Buen juicio. Quienes observan esa diferencia y desemejanza, actividad que se denomina distinguir, observar y juzgar entre cosa y cosa, cuando este discernimiento no es fácil, se dice que tiene un buen juicio, particularmente en materia de conversación y negocios.
Discreción. Cuando han de discernirse tiempos, lugares y personas, esta virtud se denomina DISCRECIÓN. LO primero, es decir, la fantasía, sin ayuda del juicio, no puede considerarse como virtud; pero lo último, es decir, el juicio y la discreción reunidos se recomiendan por sí mismos aun sin auxilio de la fantasía. Junto a la discreción sobre tiempos, lugares y personas, que es indispensable para una buena imaginación, se requiere, también, una aplicación frecuente de los pensamientos con respecto a su fin; es decir, con respecto al uso que ha de hacerse de ellos. Hecho esto, quienes poseen esta virtud, fácilmente encuentran similitudes que no solamente resultan agradables para la ilustración de su discurso y para exornarlo con nuevas y adecuadas metáforas, sino también por la rareza de su invención.

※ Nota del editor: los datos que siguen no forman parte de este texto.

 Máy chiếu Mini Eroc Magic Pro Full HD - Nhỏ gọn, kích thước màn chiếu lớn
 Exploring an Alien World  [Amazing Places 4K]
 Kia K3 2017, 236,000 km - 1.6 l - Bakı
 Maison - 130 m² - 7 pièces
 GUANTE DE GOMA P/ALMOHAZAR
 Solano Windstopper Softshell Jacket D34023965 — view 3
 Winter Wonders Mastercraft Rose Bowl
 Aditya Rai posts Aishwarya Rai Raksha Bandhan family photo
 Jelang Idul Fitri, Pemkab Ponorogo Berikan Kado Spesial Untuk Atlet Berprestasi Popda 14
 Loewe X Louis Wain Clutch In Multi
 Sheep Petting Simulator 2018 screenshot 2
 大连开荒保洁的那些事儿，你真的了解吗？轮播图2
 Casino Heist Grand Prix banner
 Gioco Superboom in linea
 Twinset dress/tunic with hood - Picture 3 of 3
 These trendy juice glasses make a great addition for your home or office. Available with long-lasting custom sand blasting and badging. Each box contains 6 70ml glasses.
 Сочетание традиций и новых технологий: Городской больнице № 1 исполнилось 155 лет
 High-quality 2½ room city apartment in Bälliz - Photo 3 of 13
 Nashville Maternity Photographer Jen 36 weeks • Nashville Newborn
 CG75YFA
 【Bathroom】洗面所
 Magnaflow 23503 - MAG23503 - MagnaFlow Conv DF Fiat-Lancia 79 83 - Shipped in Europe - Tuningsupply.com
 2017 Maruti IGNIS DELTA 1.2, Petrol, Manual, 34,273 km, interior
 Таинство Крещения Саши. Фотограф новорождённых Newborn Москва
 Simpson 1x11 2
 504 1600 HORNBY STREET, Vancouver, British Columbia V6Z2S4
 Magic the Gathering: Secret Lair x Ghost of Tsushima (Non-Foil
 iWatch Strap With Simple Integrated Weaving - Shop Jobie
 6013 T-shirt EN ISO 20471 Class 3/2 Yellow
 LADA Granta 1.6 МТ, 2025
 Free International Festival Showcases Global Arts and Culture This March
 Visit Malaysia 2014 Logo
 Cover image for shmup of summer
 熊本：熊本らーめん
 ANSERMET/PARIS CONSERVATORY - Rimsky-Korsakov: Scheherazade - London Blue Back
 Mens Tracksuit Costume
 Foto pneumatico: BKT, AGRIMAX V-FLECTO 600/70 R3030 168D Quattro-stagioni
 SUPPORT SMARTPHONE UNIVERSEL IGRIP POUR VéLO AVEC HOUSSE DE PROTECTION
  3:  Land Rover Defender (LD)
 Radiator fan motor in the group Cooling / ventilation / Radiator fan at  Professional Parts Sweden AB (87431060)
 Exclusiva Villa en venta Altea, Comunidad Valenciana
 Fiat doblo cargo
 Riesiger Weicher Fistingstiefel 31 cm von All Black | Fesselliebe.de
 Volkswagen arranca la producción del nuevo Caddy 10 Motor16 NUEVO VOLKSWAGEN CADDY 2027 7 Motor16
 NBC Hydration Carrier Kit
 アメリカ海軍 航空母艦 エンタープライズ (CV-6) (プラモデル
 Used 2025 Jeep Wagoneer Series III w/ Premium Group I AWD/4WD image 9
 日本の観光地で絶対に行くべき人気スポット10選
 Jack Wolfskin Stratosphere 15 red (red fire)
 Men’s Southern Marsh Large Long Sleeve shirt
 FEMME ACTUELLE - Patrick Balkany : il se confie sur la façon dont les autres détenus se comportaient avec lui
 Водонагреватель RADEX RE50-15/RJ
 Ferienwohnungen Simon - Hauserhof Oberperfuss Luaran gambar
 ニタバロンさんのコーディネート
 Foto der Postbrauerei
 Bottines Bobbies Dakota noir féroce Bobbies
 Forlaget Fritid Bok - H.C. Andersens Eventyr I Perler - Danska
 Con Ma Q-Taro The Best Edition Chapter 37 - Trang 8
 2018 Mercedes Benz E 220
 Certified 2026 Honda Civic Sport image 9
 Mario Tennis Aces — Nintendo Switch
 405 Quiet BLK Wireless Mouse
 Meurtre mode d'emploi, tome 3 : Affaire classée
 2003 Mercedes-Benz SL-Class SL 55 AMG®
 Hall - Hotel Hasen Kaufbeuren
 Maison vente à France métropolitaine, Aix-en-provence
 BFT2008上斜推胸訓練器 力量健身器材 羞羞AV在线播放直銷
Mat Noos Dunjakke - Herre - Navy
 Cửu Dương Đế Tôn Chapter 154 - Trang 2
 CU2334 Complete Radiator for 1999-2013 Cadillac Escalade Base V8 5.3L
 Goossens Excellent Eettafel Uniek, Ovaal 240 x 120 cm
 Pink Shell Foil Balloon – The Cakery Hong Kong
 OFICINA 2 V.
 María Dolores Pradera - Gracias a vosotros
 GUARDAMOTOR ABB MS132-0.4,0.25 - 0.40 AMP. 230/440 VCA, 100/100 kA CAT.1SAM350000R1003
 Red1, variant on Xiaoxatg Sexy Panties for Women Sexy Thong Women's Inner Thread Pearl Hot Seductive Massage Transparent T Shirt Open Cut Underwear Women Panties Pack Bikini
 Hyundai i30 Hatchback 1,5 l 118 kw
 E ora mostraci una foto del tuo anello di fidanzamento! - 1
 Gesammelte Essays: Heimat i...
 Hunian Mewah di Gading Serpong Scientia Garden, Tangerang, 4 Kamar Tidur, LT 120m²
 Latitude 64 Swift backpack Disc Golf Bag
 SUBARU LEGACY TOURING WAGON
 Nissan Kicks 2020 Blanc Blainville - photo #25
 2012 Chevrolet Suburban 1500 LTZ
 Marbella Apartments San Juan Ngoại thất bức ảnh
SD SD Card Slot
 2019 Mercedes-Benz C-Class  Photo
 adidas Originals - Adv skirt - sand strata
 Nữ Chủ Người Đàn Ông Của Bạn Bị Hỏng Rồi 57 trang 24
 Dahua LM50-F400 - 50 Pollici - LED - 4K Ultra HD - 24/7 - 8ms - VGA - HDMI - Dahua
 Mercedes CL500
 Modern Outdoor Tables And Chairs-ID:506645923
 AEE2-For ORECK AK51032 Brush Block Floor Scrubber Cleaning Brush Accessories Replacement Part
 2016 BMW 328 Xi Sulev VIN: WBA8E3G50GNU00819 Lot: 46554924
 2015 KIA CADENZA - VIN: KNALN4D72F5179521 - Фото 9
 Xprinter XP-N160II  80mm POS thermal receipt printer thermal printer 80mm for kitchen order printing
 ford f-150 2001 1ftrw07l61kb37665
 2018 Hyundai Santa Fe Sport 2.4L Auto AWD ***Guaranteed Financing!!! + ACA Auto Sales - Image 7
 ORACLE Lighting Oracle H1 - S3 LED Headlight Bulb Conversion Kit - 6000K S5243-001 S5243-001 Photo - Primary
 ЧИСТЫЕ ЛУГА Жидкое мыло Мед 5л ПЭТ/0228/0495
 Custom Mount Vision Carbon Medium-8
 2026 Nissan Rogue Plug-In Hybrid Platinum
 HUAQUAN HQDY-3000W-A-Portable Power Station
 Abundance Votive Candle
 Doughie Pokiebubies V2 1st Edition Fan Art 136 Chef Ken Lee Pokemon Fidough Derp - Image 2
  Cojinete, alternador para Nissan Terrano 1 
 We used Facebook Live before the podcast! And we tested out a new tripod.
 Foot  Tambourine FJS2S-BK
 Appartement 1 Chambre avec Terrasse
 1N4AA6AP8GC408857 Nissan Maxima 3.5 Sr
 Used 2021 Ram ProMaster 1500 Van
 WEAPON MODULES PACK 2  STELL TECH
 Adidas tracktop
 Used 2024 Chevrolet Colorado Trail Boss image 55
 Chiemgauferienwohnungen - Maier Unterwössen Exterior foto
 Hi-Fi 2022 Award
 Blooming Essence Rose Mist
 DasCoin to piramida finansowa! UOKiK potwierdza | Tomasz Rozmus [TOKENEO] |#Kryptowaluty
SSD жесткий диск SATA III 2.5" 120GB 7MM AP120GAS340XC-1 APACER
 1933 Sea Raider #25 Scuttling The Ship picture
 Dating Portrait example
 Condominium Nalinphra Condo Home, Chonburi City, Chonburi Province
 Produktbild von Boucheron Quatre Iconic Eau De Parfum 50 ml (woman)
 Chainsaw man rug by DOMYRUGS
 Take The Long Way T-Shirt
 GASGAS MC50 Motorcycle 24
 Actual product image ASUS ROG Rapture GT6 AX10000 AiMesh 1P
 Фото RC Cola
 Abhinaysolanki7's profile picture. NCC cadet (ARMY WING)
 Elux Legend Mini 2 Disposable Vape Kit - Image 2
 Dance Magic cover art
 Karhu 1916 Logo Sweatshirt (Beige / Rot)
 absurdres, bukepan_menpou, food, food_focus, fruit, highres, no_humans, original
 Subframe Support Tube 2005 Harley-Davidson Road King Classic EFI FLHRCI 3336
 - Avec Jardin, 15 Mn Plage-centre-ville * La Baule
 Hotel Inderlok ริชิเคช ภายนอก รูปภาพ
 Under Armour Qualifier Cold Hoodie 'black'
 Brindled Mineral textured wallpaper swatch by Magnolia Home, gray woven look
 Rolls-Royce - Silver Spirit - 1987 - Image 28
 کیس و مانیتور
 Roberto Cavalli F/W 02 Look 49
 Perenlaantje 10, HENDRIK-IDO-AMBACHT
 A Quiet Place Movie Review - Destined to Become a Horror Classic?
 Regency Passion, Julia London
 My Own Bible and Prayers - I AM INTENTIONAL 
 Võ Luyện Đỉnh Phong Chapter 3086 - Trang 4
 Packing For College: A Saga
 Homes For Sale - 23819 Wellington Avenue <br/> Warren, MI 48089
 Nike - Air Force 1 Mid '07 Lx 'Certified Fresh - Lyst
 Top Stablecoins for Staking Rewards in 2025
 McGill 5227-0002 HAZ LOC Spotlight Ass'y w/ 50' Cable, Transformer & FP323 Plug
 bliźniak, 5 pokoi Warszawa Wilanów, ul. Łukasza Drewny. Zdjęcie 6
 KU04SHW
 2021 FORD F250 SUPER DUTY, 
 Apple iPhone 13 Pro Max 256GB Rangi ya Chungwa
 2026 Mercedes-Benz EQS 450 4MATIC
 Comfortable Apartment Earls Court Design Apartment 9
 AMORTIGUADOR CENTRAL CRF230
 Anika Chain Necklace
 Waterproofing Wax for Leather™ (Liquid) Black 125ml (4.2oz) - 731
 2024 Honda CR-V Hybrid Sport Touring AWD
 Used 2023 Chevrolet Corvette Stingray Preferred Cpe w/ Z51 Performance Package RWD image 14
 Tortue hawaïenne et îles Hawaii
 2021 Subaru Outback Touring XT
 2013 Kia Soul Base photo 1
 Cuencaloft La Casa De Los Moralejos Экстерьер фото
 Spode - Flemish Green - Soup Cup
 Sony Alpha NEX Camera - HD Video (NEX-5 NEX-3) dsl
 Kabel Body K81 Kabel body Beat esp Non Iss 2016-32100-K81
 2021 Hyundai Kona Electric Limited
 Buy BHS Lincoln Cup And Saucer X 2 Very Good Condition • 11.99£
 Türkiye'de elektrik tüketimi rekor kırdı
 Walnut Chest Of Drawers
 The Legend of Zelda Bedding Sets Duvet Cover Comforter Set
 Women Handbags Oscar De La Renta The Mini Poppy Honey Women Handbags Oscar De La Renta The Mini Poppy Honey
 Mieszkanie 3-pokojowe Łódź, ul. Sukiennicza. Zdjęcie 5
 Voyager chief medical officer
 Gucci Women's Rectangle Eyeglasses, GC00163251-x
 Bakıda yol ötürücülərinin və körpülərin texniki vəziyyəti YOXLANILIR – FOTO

En cambio, sin ese sentido certero o dirección hacia el fin, una gran imaginación no es sino una especie de locura; tal ocurre con quienes iniciando un discurso se apartan de su propósito por alguna cuestión que les viene a la mente, cayendo en tan abundantes y diversas digresiones y paréntesis, que se extravían lamentablemente. No conozco ningún nombre especial para este género de locura, pero su causa es, a veces, la falta de experiencia, que hace parecer a un hombre nueva y rara una cosa que no lo es para los otros; a veces la pusilanimidad, cuando lo que parece grande a uno, otros hombres lo estiman baladí; y como todo lo que es nuevo y grande resulta, por consiguiente, digno de expresión, aparta a un hombre gradualmente de la vía señalada a sus discursos.
En un buen poema, ya sea épico o dramático, como también en sonetos, epigramas y otras piezas, se requieren ambas cosas, juicio e imaginación. Pero la imaginación debe ser preeminente; porque tales obras deben agradar por su extravagancia, pero no desagradar por su indiscreción.
En una buena historia la cualidad eminente debe ser el juicio, porque la bondad consiste en el método, en la verdad y en la selección de las acciones más dignas de ser conocidas. La imaginación no tiene ahí adecuado lugar si no es para adornar el estilo.
En las oraciones laudatorias y en las invectivas la, imaginación predomina, porque el fin propuesto no es la verdad, sino el ensalzamiento o la denigración, lo cual se logra mediante comparaciones nobles o viles. El juicio sugerirá qué circunstancias hacen un acto laudable o reprobable.
En las exhortaciones e informes, como la verdad o la simulación sirven mejor al designio propuesto, unas veces interesa más el juicio y otras la fantasía.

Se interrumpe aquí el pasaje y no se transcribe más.